Stretching means searching for other perspectives. “It’s about finding diverse experiences, and recognizing that when you experience the world from different perspectives, you can see how your resources interact in new ways,” Sonenshein said. For example, you might study how other industries solve similar problems to yours in a different context.
Often, the further someone is from the focal point of a question, the more likely they are to find a solution, Sonenshein said. “Experts are looking in one particular set of lenses and one set of frameworks, which if they worked, would have already solved the problem,” he added. “Bringing in outsiders allows you to see connections in different ways using what you have.”
6. Visit new places.
People tend to focus on acquiring expertise that matters for their current jobs, and want immediate payoff, Sonenshein said.
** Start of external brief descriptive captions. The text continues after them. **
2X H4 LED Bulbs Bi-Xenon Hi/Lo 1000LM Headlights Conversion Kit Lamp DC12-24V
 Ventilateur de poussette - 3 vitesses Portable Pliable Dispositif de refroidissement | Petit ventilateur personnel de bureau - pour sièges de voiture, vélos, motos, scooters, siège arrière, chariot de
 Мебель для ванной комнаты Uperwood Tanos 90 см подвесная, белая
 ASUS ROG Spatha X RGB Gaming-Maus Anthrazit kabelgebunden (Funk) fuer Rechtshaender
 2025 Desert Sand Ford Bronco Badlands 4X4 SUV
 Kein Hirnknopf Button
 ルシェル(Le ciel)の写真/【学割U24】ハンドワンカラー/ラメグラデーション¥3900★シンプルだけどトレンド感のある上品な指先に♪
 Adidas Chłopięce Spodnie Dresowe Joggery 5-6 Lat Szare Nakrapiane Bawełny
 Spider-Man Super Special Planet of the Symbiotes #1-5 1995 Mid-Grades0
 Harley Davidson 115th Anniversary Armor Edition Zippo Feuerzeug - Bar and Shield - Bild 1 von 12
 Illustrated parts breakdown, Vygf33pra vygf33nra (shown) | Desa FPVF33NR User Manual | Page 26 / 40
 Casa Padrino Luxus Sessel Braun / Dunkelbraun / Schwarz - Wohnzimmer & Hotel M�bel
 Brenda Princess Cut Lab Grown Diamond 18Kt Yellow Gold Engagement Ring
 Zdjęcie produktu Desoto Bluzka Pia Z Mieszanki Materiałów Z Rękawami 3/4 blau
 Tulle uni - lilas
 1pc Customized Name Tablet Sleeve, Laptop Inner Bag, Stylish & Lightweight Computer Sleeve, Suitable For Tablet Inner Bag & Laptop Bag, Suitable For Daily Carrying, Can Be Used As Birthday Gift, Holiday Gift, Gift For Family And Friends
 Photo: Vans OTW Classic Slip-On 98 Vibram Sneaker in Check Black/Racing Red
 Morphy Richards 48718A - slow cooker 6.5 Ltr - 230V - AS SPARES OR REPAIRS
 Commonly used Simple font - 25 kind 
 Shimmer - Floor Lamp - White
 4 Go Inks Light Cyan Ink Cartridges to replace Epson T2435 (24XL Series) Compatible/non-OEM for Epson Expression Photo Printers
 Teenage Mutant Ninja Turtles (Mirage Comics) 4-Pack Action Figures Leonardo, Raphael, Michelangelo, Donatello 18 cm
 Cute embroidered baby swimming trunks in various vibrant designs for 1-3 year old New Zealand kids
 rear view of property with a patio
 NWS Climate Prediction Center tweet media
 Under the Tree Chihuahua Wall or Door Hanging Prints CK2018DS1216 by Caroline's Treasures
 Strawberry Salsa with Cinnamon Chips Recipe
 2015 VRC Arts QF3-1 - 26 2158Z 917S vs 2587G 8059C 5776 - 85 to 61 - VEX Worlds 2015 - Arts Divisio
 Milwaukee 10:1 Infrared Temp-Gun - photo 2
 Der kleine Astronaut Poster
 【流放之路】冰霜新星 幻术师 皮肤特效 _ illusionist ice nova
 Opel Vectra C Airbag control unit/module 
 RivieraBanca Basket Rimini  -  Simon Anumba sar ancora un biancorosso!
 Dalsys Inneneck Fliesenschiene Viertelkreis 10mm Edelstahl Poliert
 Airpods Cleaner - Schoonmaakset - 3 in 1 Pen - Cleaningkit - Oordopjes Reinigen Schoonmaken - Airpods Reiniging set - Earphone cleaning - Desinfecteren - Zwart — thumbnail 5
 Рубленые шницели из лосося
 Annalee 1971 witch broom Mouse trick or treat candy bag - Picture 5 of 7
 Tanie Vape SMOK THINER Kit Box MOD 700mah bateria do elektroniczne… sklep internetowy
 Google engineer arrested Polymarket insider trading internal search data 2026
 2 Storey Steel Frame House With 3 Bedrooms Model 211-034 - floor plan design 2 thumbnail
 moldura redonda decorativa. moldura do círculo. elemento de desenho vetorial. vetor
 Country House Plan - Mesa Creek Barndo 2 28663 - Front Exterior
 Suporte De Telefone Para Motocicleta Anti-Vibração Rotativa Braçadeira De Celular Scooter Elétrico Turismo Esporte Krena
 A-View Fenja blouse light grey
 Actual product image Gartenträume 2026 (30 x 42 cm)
But if you spend time at an industry conferences that is divorced from your own work, or have lunch with someone with your job in a different industry, you might gain new insight into business operations and solutions. “Experience different ways people might be solving similar problems,” Sonenshein said.
7. Act without a script.
Many companies create five year plans, though research shows there is not a strong correlation between strategic planning and long-term performance. “You end up planning for a future that doesn’t exist,” Sonenshein said. “More successful organizations can process real-time information and act with that information, as opposed to trying to plan everything out.” He advises companies to experiment with throwing out the plan, and seeing what is gained or lost.
8. Have high expectations for your staff.
It’s important to recognize that what you expect of your individual team members is usually what you get, Sonenshein said. “Oftentimes we expect the worst in people, and that’s what you end up finding,” he added. Instead, set high expectations for every team member, and create a self-fulfilling prophecy for success.
9. Try unusual combinations.
“A lot of innovation comes from putting things together that normally don’t go together,” Sonenshein said. For example, when phone manufacturers combined a phone and a camera, it changed so much about our daily lives and the technology we use, he said.
10. Do something mindless.
Putting a project to the side and playing solitaire or talking a walk frees up your mind to make connections at a subconscious level in a way that isn’t possible when you are focused on a specific task all the time. “Taking a break and doing something mindless helps us think about using our resources in new ways,” he said.